* Required work:
In the entries below, locate the line with "APTO CREDITO TRES", then give again that line and all lines after it, exactly, with pictures omitted.

Dataset section start

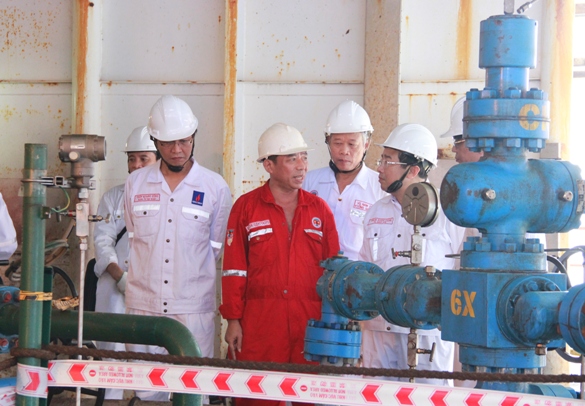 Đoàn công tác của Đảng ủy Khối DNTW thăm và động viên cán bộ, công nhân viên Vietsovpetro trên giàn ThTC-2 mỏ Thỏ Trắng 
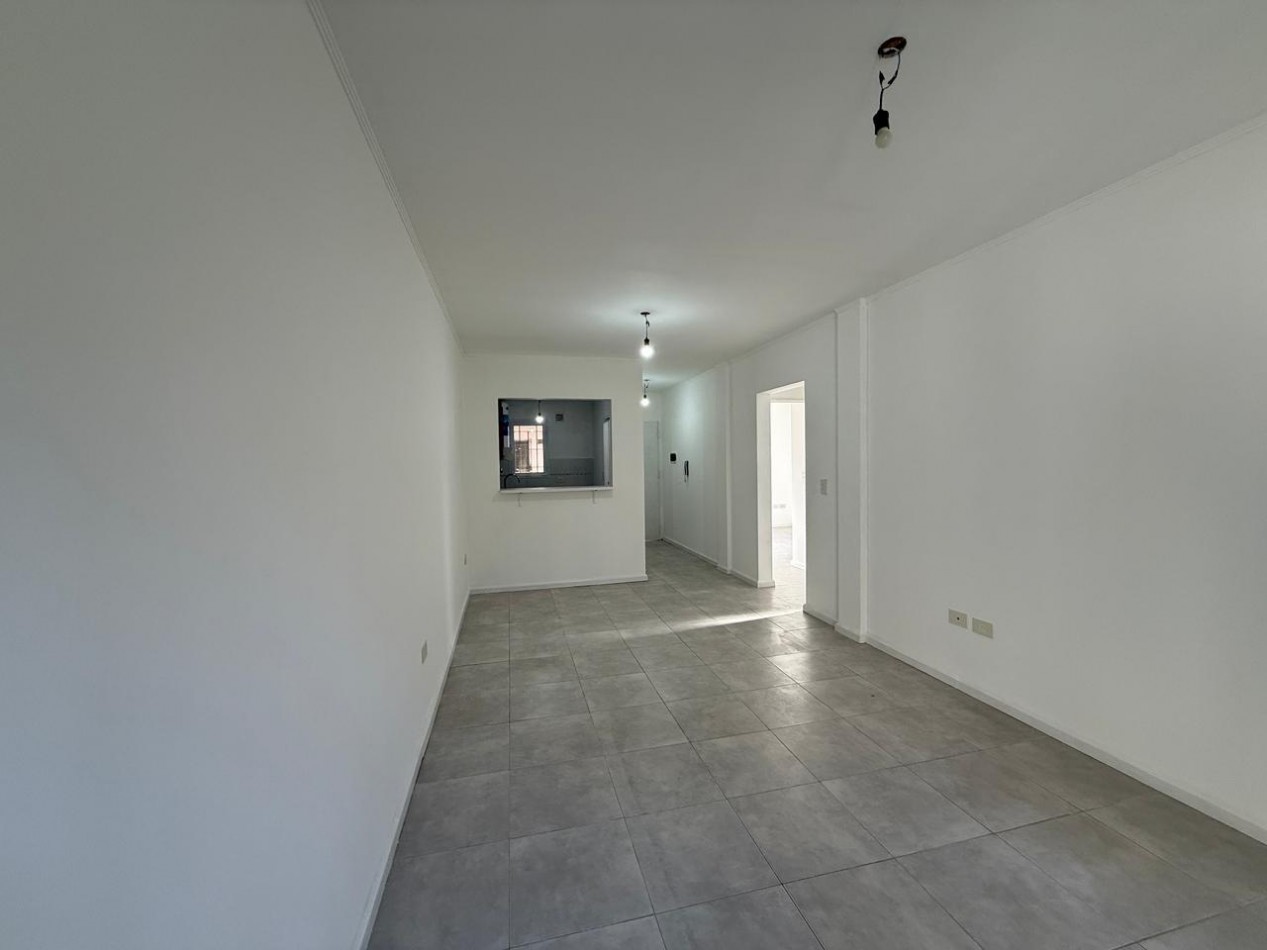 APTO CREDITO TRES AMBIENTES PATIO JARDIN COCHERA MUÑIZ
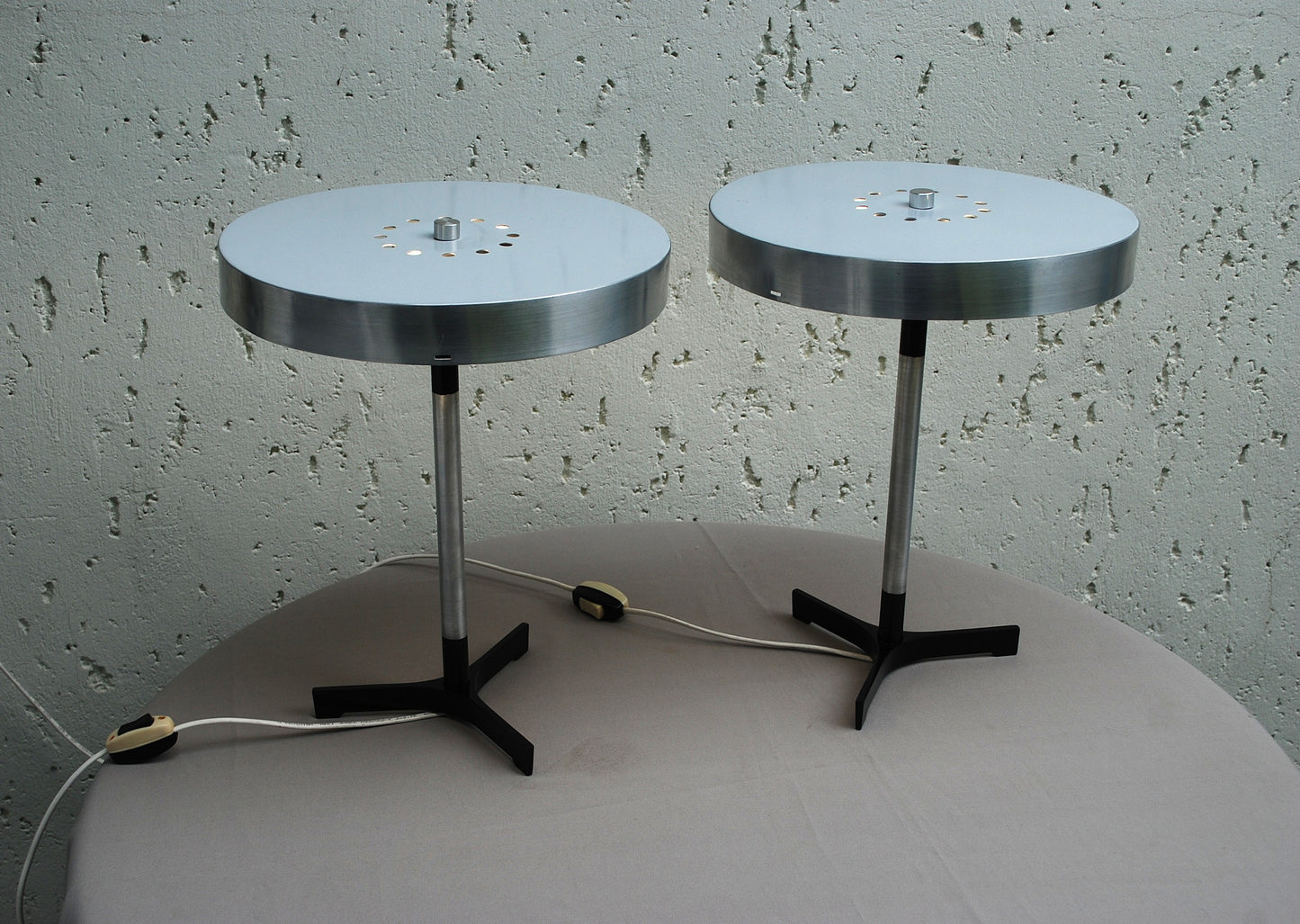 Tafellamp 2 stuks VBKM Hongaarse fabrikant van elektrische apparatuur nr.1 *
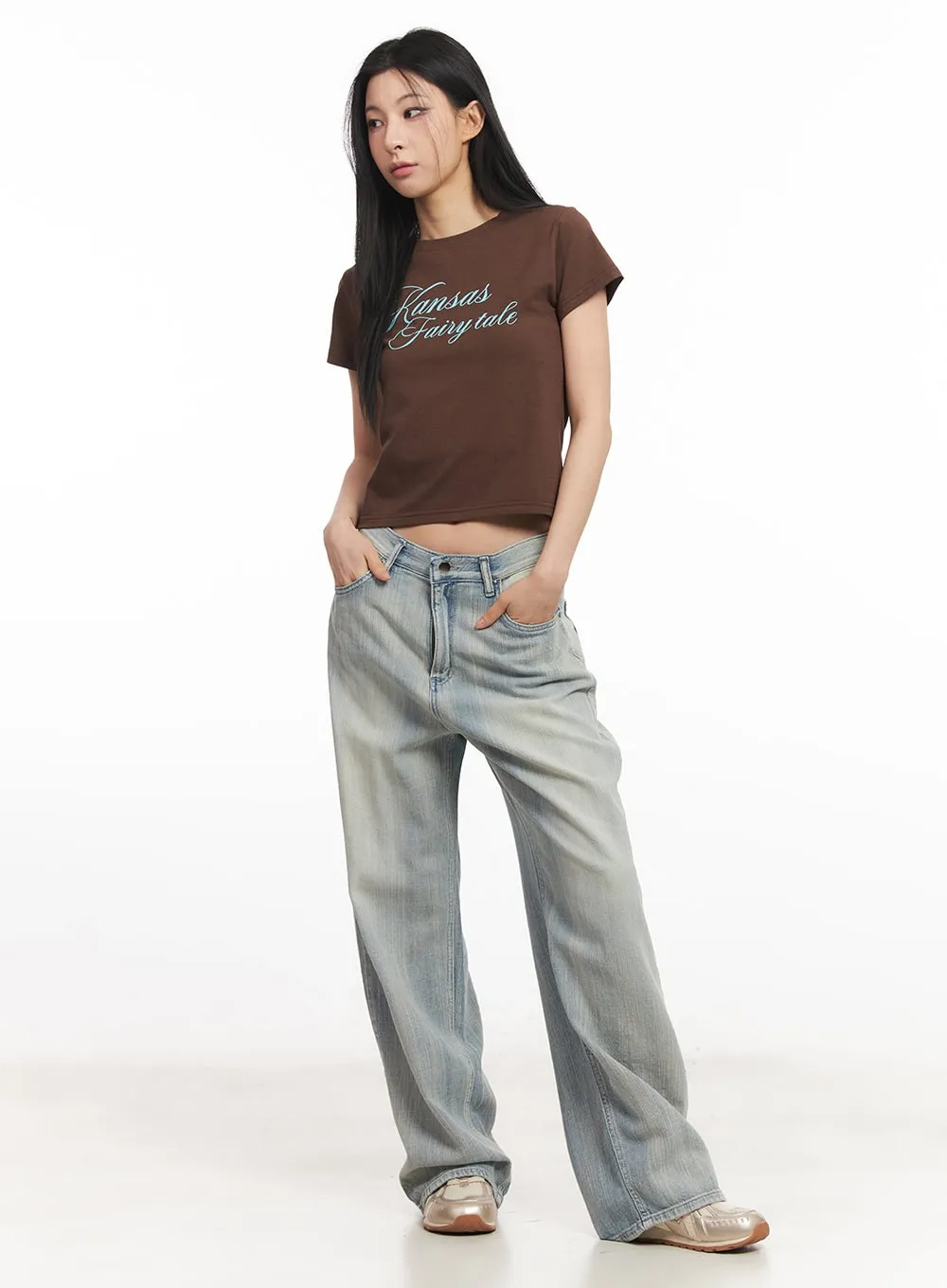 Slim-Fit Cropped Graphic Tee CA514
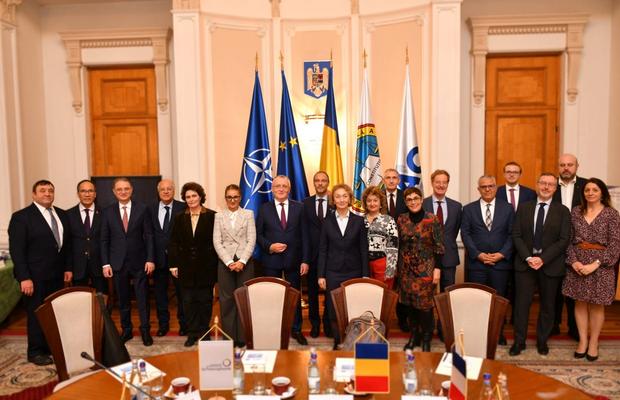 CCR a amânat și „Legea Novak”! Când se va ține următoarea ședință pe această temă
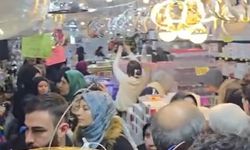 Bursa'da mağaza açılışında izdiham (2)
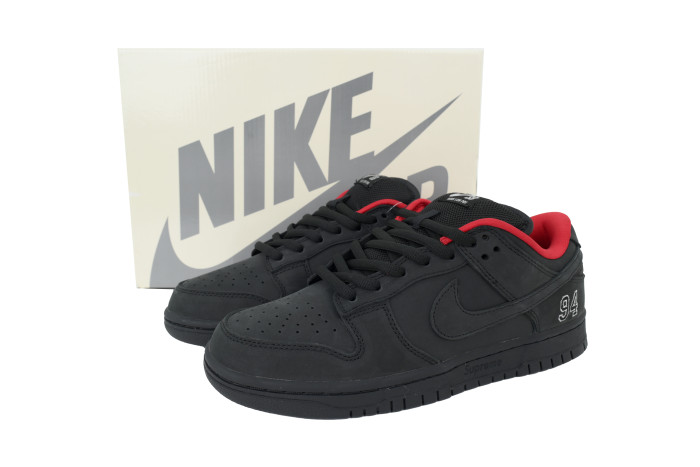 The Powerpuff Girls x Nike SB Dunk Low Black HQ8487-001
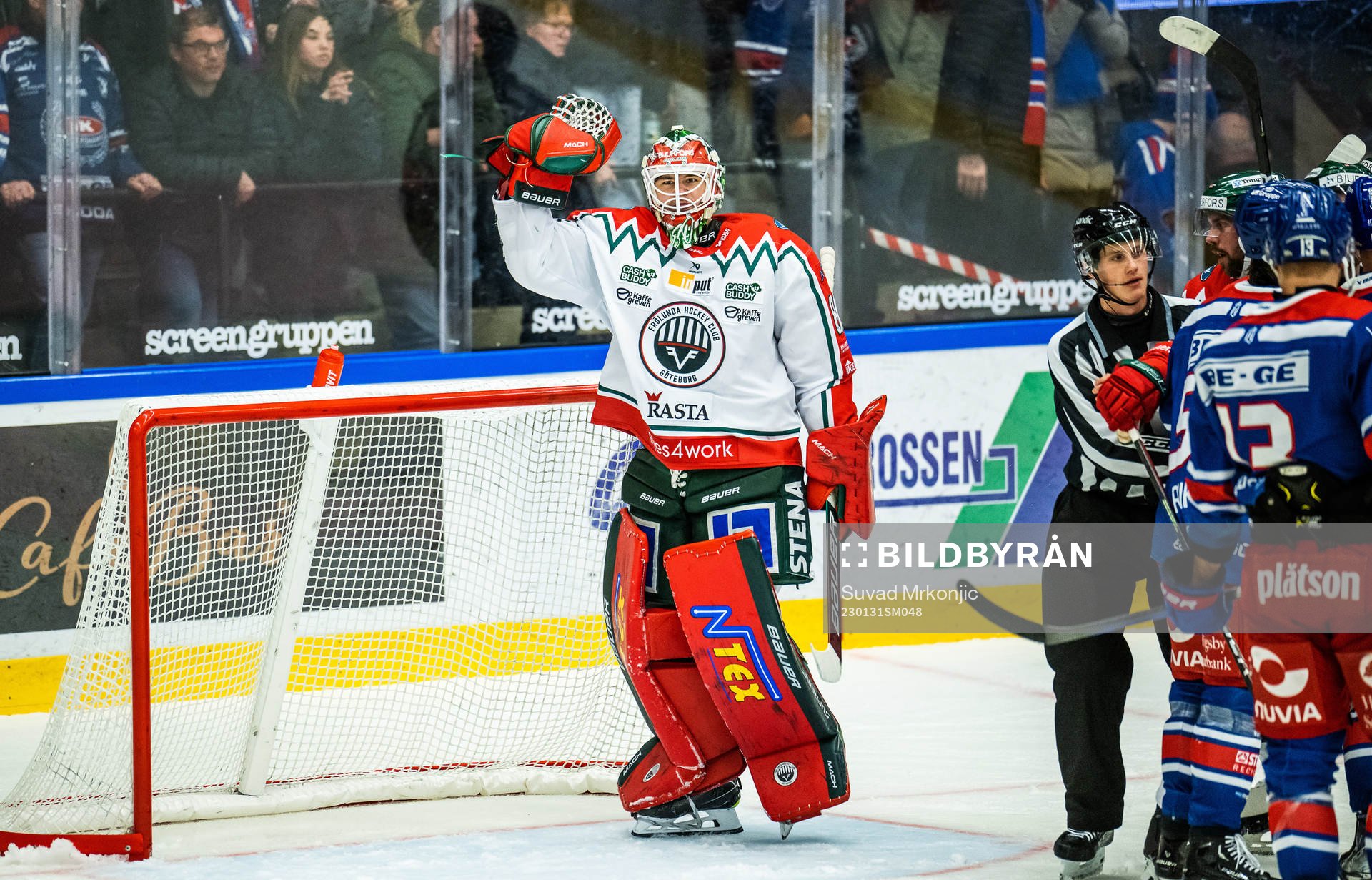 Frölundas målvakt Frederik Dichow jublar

Dataset section end

* Task response:
 APTO CREDITO TRES AMBIENTES PATIO JARDIN COCHERA MUÑIZ
 Tafellamp 2 stuks VBKM Hongaarse fabrikant van elektrische apparatuur nr.1 *
 Slim-Fit Cropped Graphic Tee CA514
 CCR a amânat și „Legea Novak”! Când se va ține următoarea ședință pe această temă
 Bursa'da mağaza açılışında izdiham (2)
 The Powerpuff Girls x Nike SB Dunk Low Black HQ8487-001
 Frölundas målvakt Frederik Dichow jublar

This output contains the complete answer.